- [WHAT NEEDS TO BE DONE] Could you transcribe exactly the lines from the one containing "Snapshot of Wet__Bunny" through the last line of the records below, leaving out the pictures?

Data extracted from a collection
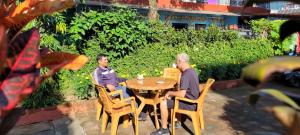 Taman di luar Hotel Celestyinn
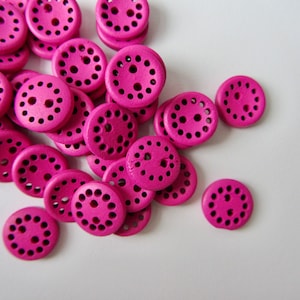 bright Pink wooden buttons 13 mm set of 20 buttons nr. 93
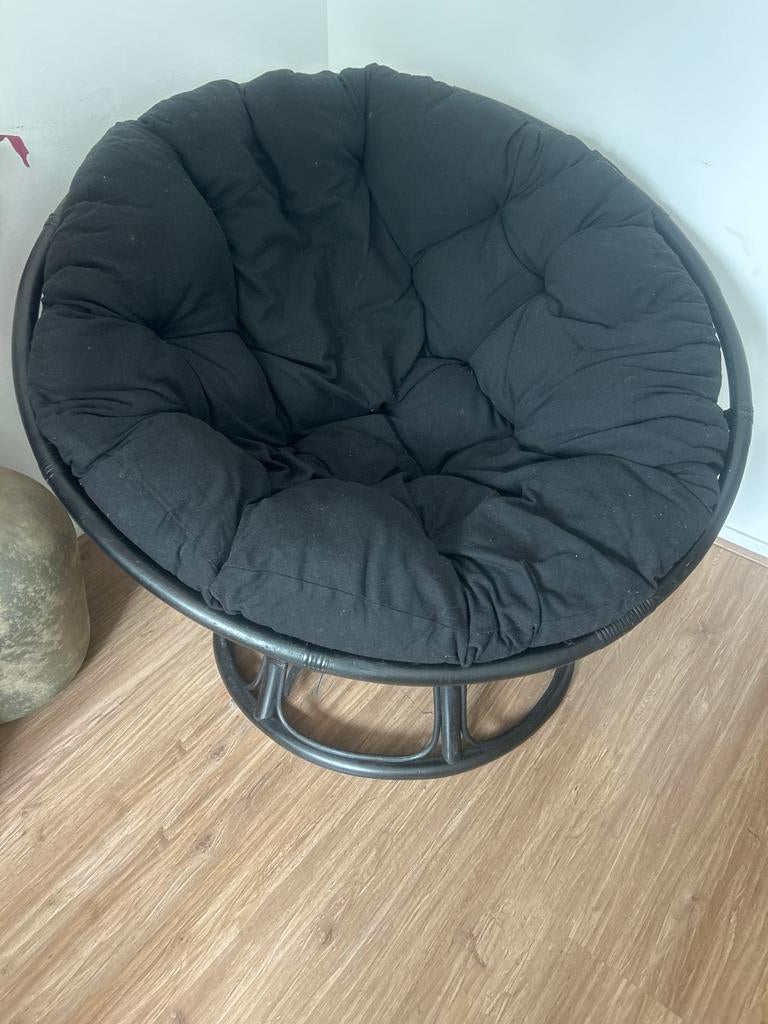 Zwarte Papasan stoel met kussen, Huis en Inrichting, Ophalen, Gebruikt, Zwart, Riet of Rotan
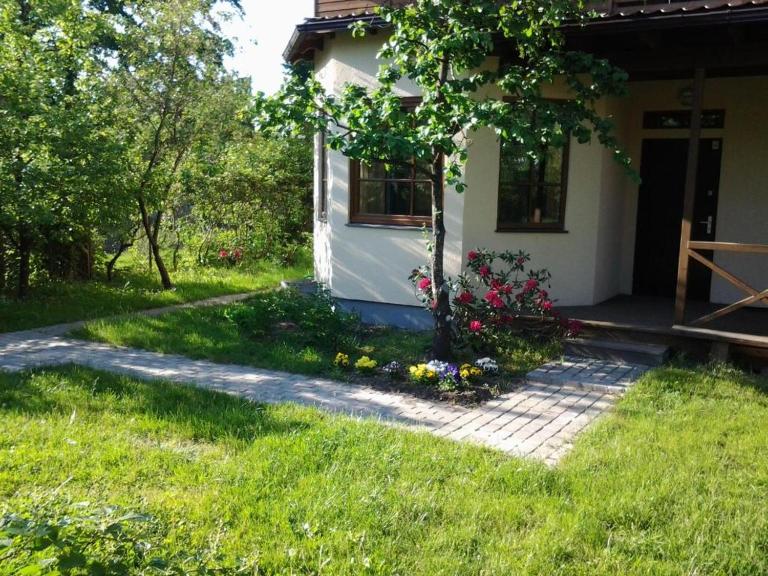 Boutigue city house with terrace and garden free parking - B&B Riga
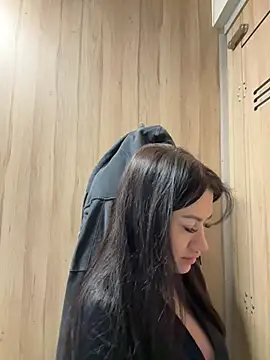 Snapshot of Wet__Bunny chatting on 11, 2, 2025 Wet  Bunny online show from 11, 2, 2025
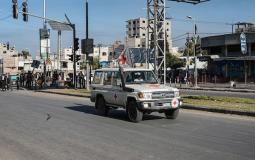 استهداف قافلة إنسانية للصليب الأحمر في غزة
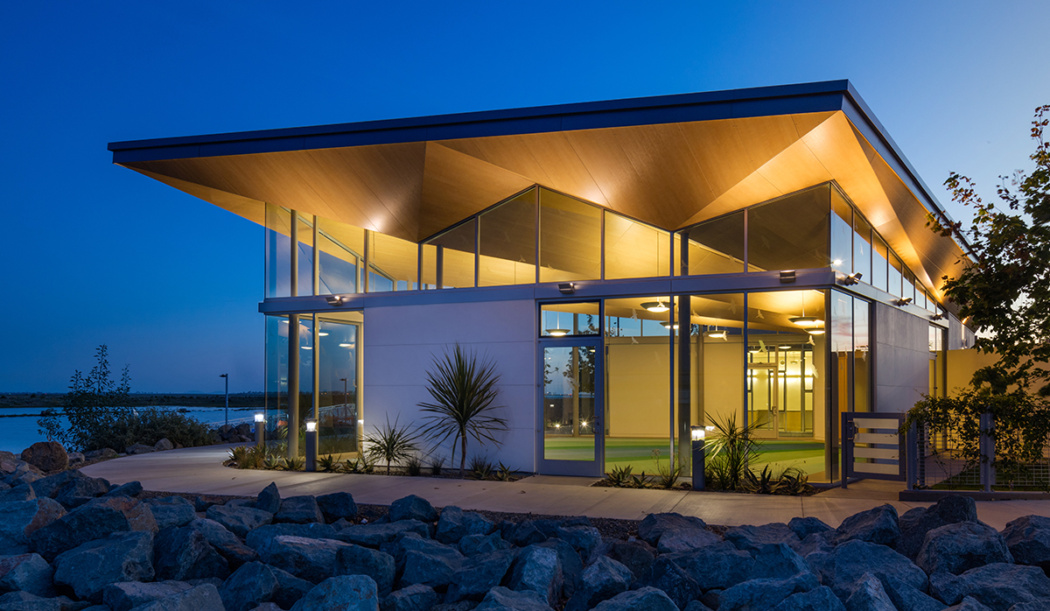 National City Aquatic Center by Safdie Rabines Architects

- [OUTPUT]
 Snapshot of Wet__Bunny chatting on 11, 2, 2025 Wet  Bunny online show from 11, 2, 2025
 استهداف قافلة إنسانية للصليب الأحمر في غزة
 National City Aquatic Center by Safdie Rabines Architects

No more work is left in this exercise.